Segment Start: INFORMATION SUPPLIED
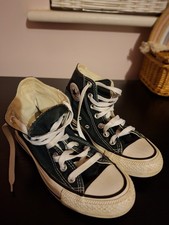 Converse Chuck Taylor All Star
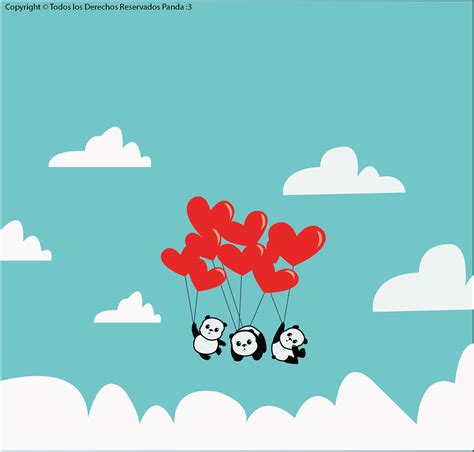 GATOS Y Gatitos Tiernos added a... - GATOS Y Gatitos Tiernos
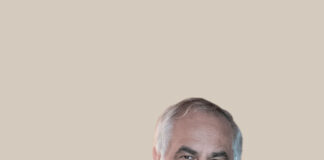 Rodacciai – Welfare, previdenza e salute i capisaldi dei nuovi contratti integrativi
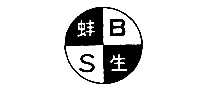 ҩ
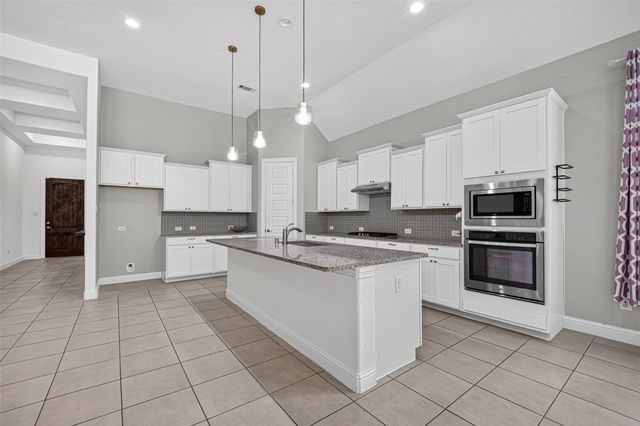 13326 Lake Chesdin Road, Houston, TX 77044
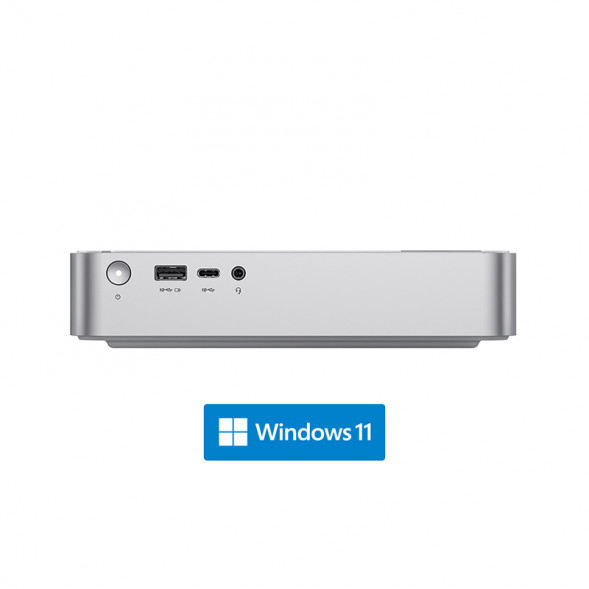 Lenovo Xiaoxin Single host/Mini i7-13620H|32G 1T SSD 90W20062CP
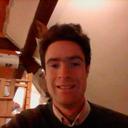 anthony tunstall - @anthonytunstal2 - Twitter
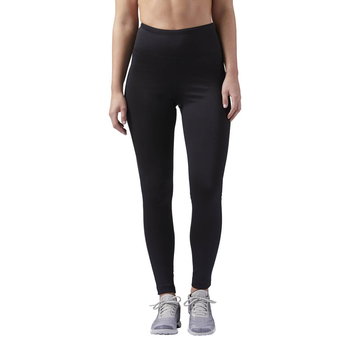 Legginsy Reebok Workout Ready - Reebok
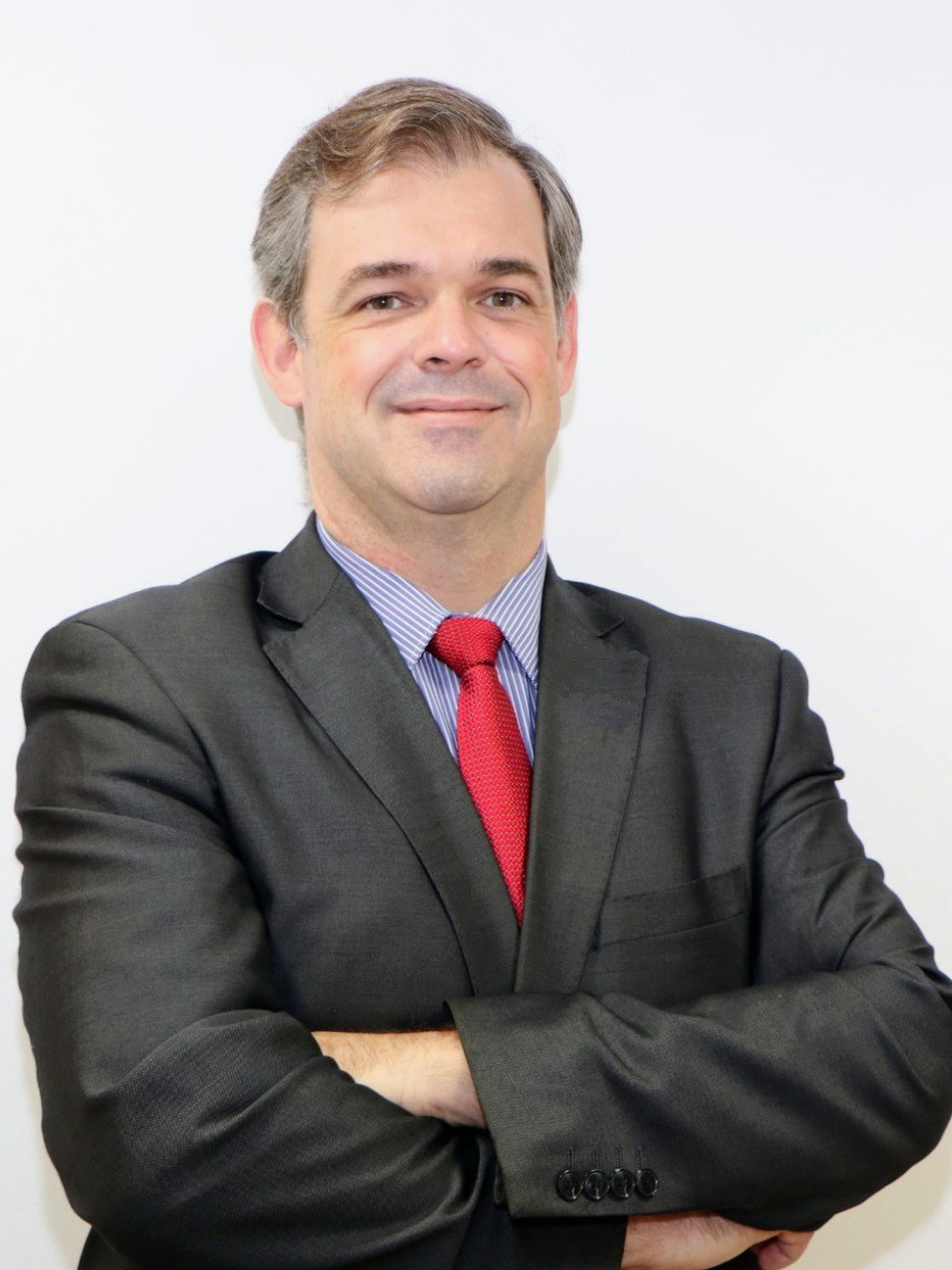 Henrique Rios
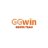 ggwinteam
Segment End: INFORMATION SUPPLIED
**WORK TASK**
Please restate word for word the lines above, starting with the line that holds "anthony tunstall - @anthonytunstal2" and ending with the final line of the records, while leaving out pictures.

**OUTPUT BELOW**
 anthony tunstall - @anthonytunstal2 - Twitter
 Legginsy Reebok Workout Ready - Reebok
 Henrique Rios
 ggwinteam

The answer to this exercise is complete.